● Data records:
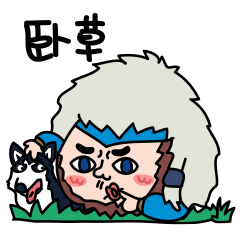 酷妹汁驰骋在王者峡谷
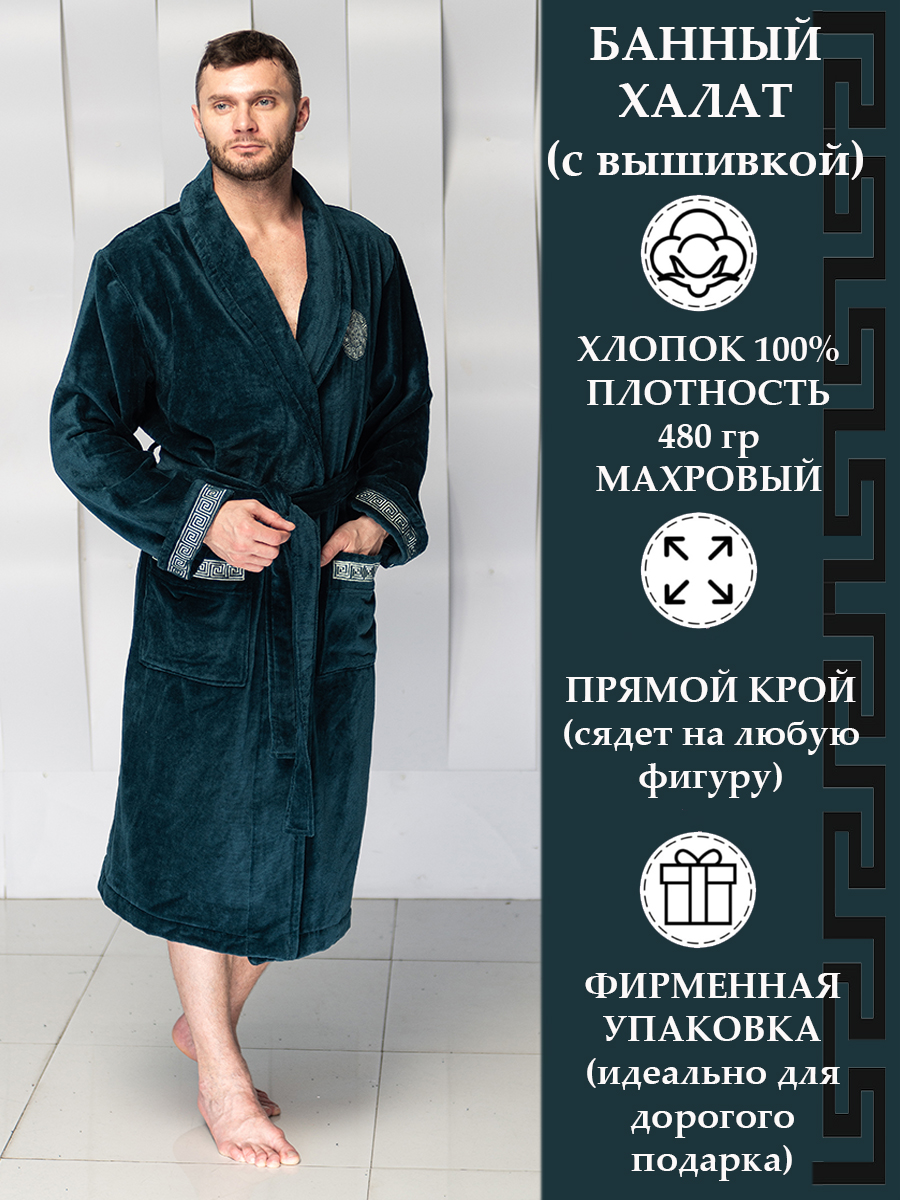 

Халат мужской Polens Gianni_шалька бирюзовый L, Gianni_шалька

...

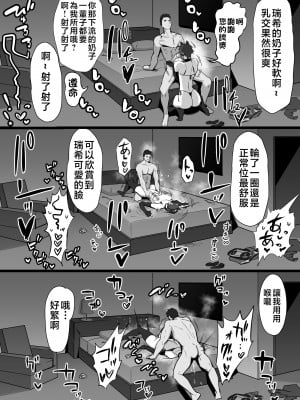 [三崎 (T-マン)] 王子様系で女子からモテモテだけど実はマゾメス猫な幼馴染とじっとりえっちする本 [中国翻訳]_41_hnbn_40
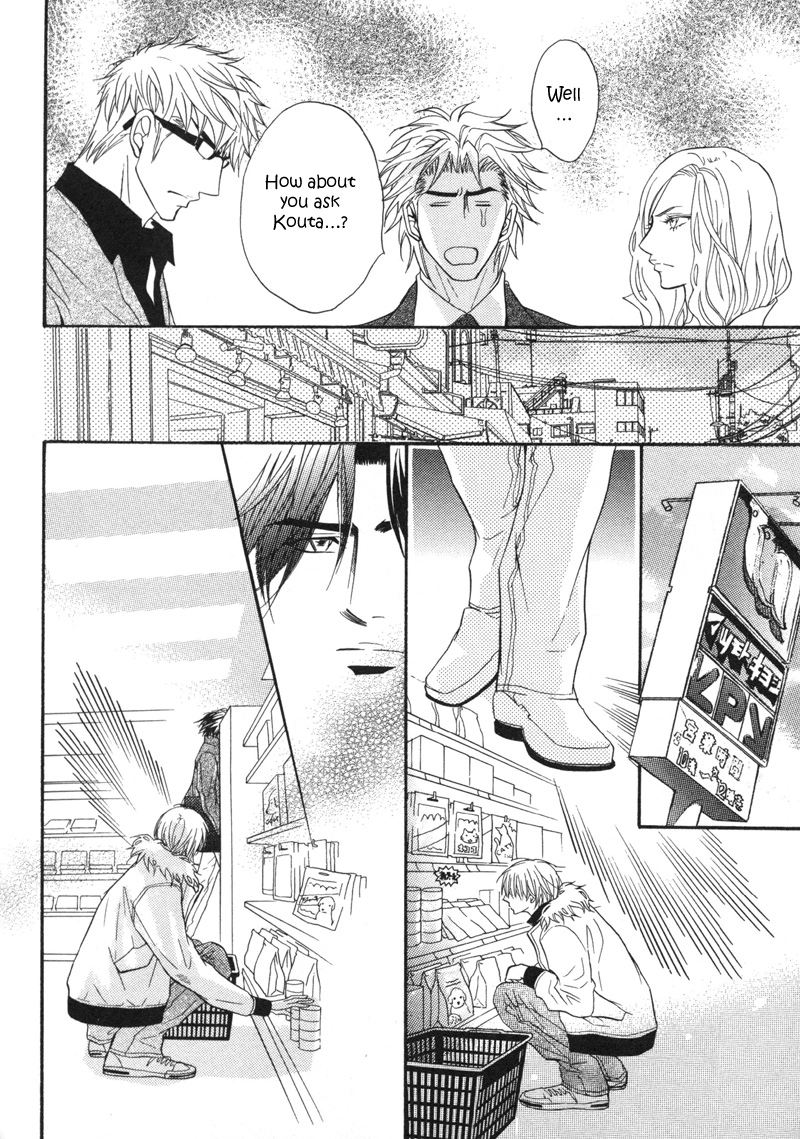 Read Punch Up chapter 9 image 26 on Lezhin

● Prompt:
In the material above, which lines fall between the one holding "[三崎 (T-マン)] 王子様系で女子からモテモテだけど実はマゾメス猫な幼馴染とじっとりえっちする本" and the one holding "Read Punch Up chapter 9 image 26 on Lezhin", inclusive? Print exactly those, with the pictures left out.

● Output:
 [三崎 (T-マン)] 王子様系で女子からモテモテだけど実はマゾメス猫な幼馴染とじっとりえっちする本 [中国翻訳]_41_hnbn_40
 Read Punch Up chapter 9 image 26 on Lezhin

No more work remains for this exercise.